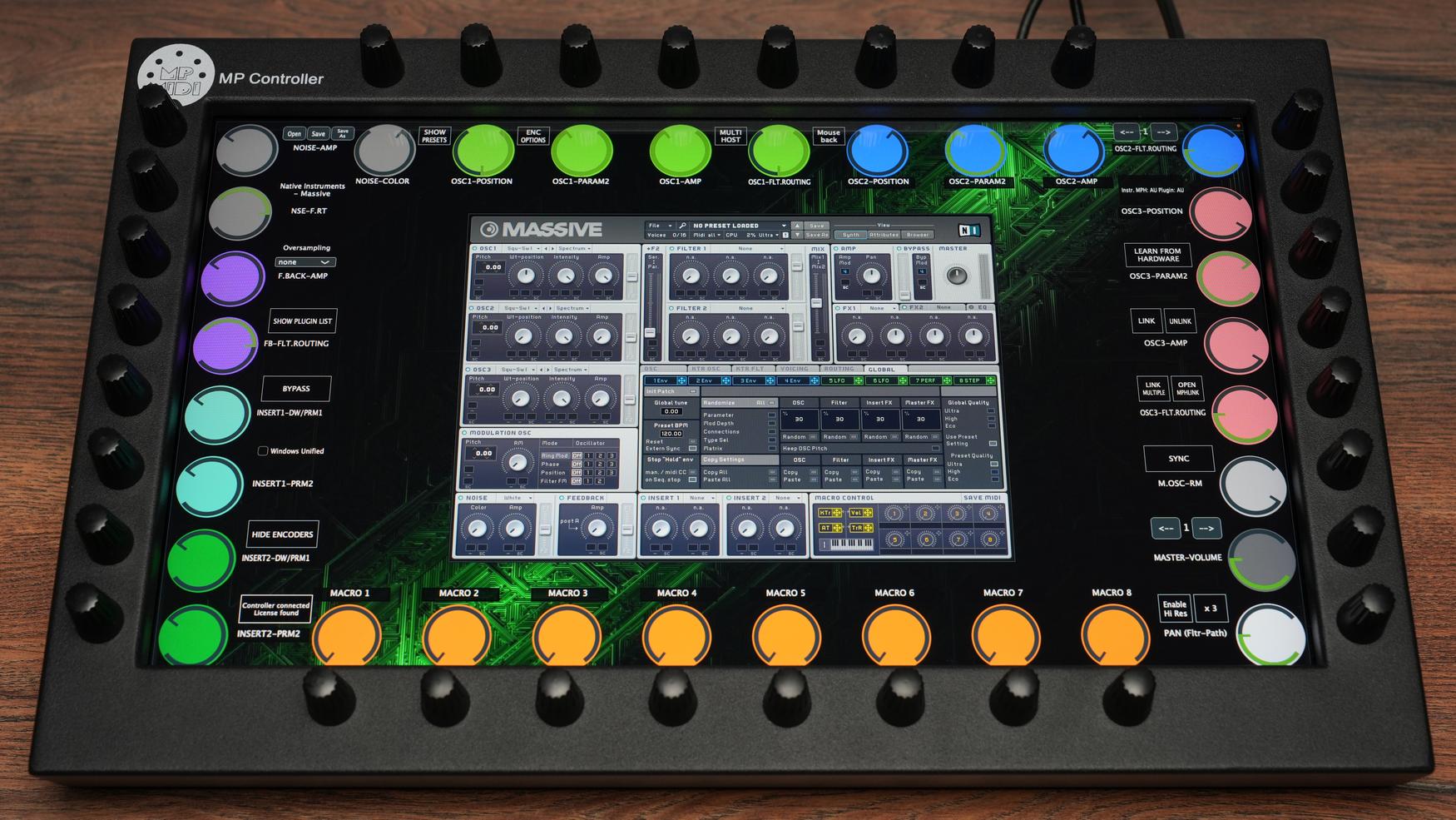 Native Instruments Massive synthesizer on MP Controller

◇ ◇ ◇ ◇ ◇

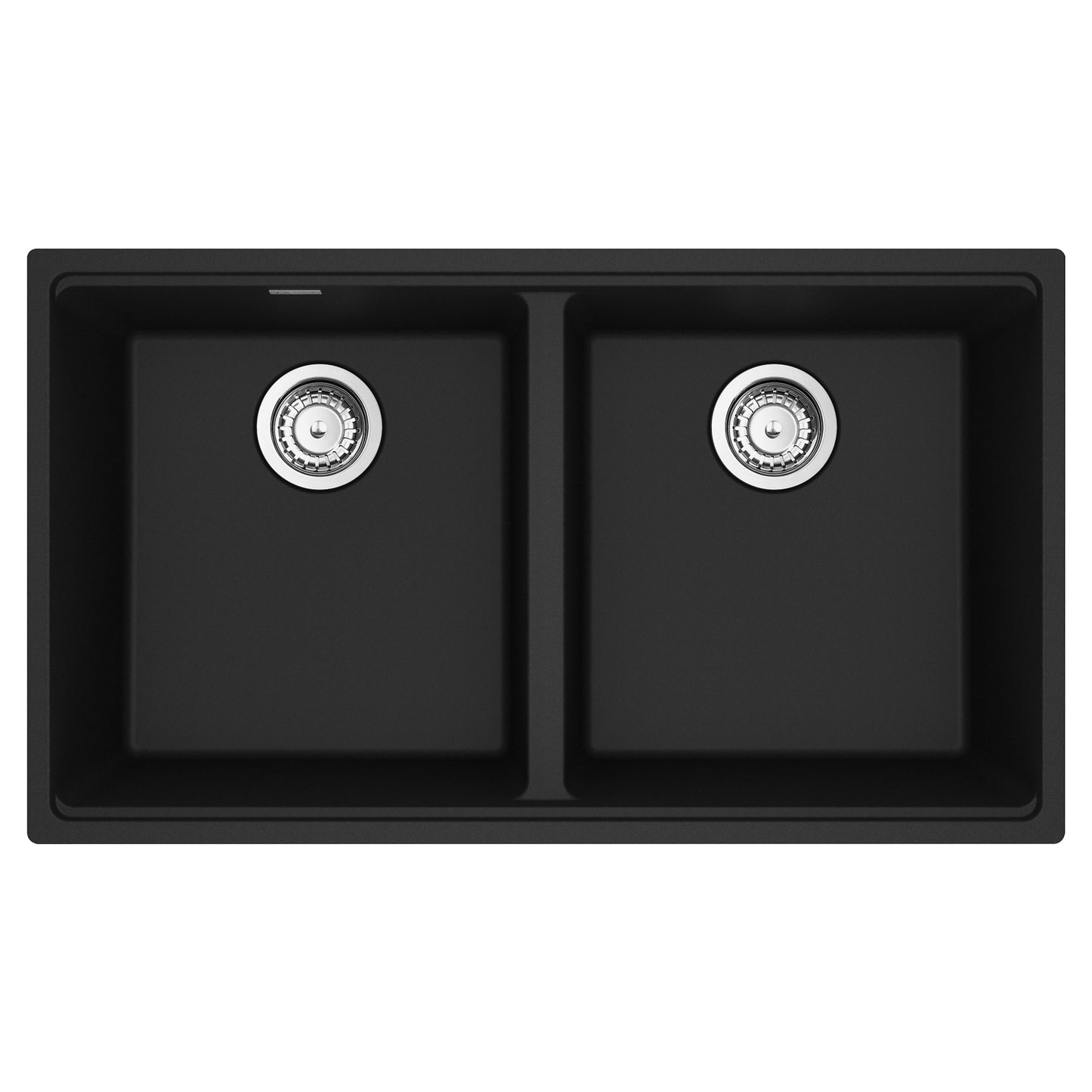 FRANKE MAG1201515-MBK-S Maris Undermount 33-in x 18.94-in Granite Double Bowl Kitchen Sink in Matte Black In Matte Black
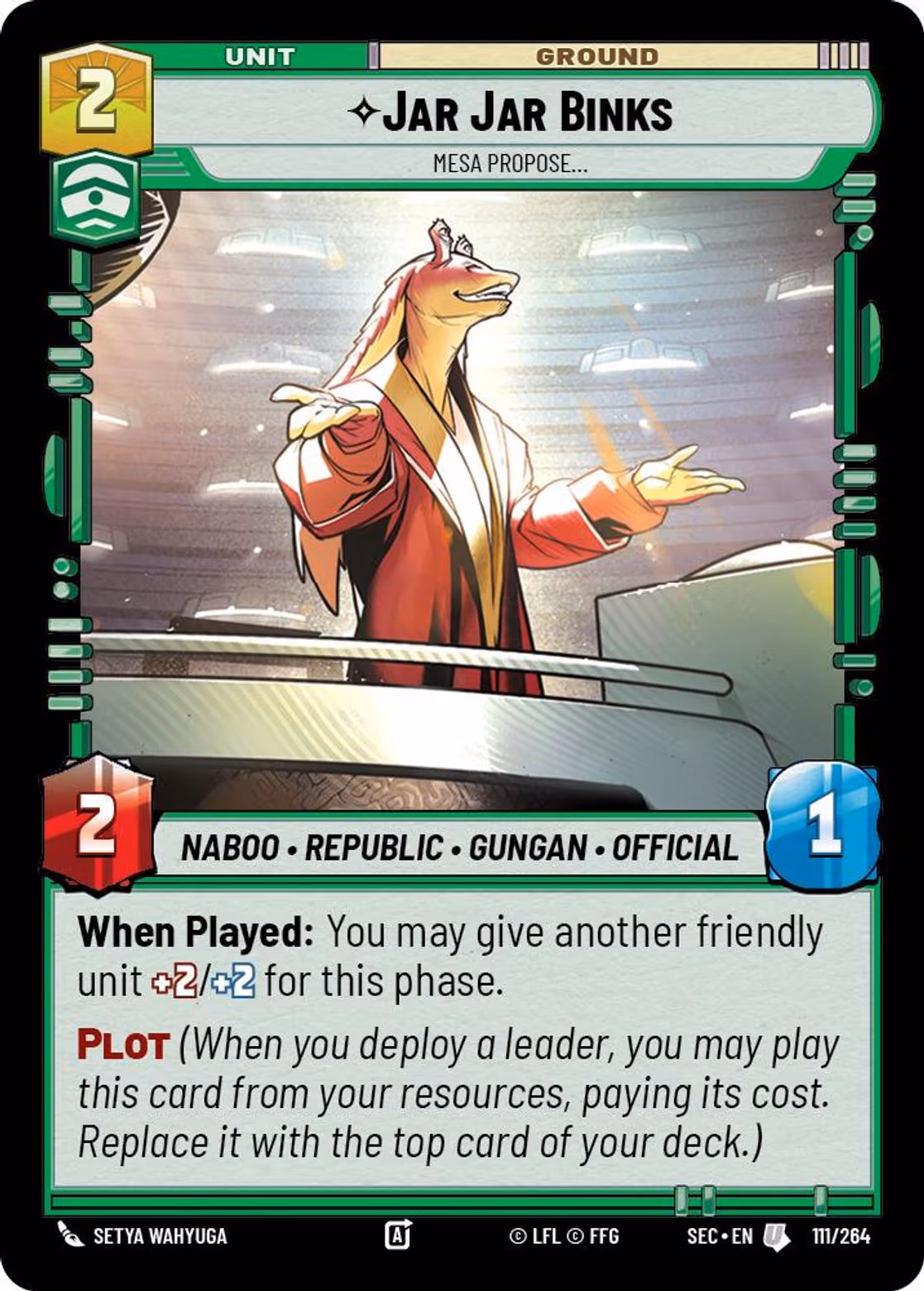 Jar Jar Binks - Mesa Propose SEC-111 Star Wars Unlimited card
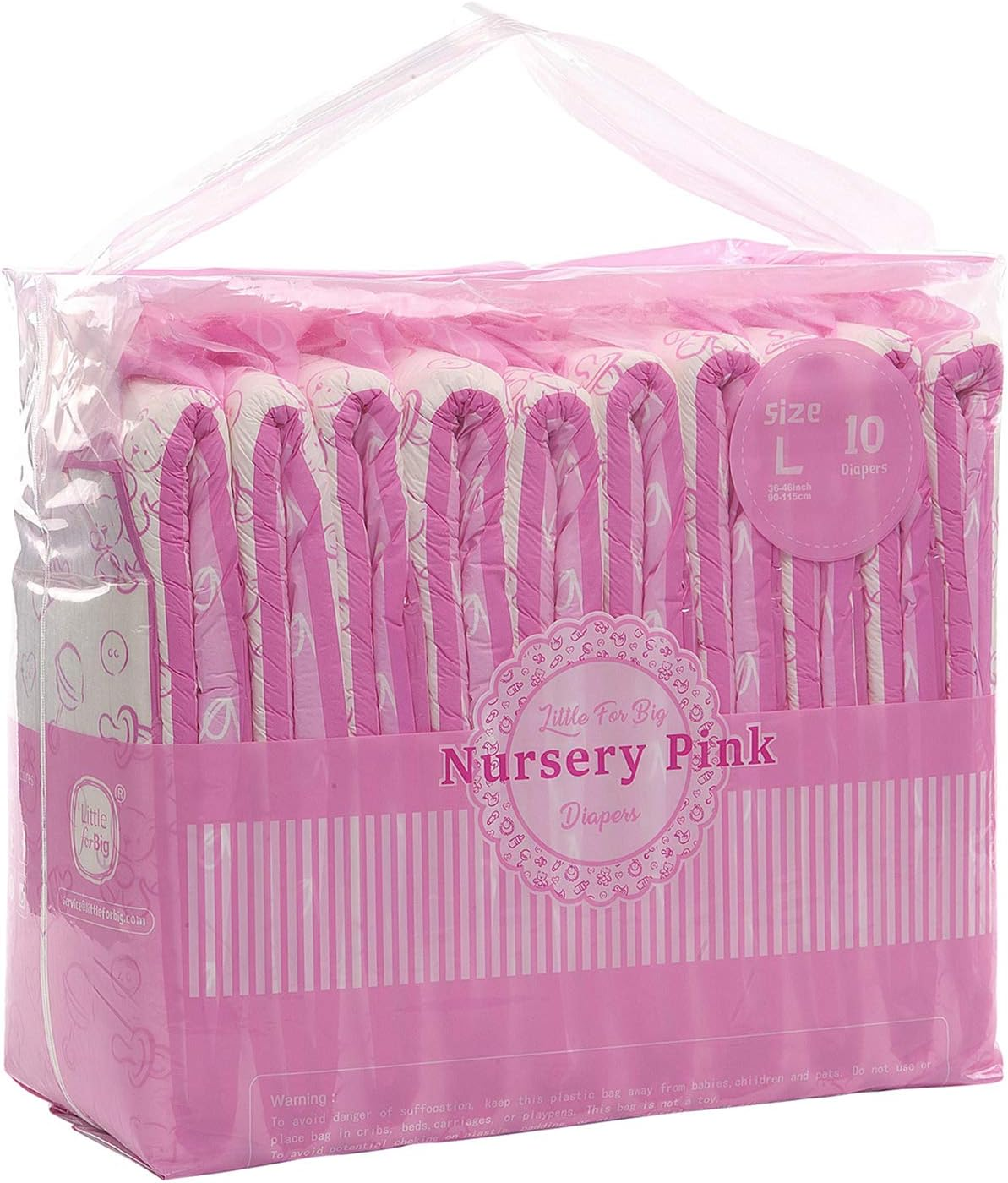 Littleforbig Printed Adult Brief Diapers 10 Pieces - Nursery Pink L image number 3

◇ ◇ ◇ ◇ ◇

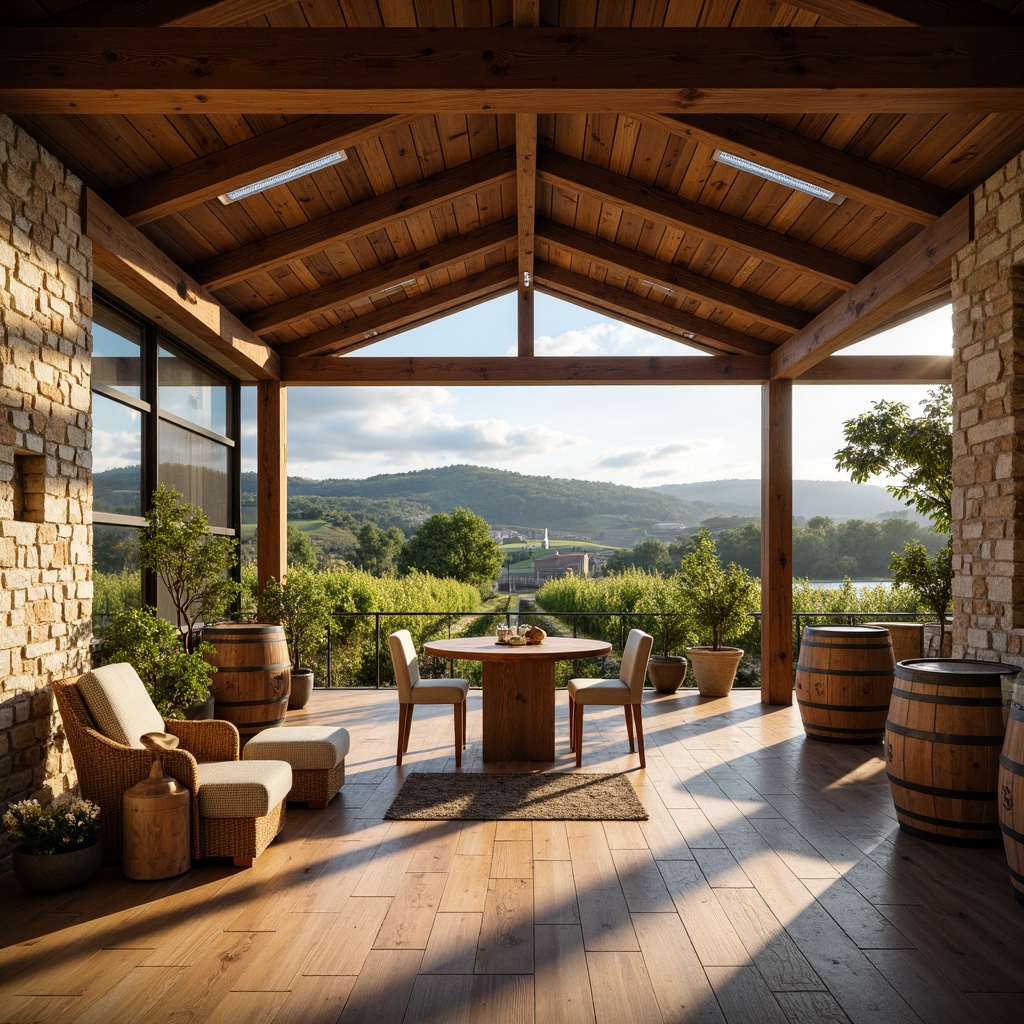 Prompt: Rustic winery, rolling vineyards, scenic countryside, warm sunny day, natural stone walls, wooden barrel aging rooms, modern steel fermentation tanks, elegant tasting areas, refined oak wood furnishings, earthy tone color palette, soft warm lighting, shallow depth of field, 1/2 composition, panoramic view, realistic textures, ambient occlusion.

◇ ◇ ◇ ◇ ◇

**EXERCISE DESCRIPTION**
Your reply should hold nothing but the lines above, from the one containing "Jar Jar Binks" to the one containing "Littleforbig Printed Adult", reproduced exactly minus the pictures.

**WRITTEN RESPONSE**
 Jar Jar Binks - Mesa Propose SEC-111 Star Wars Unlimited card
 Littleforbig Printed Adult Brief Diapers 10 Pieces - Nursery Pink L image number 3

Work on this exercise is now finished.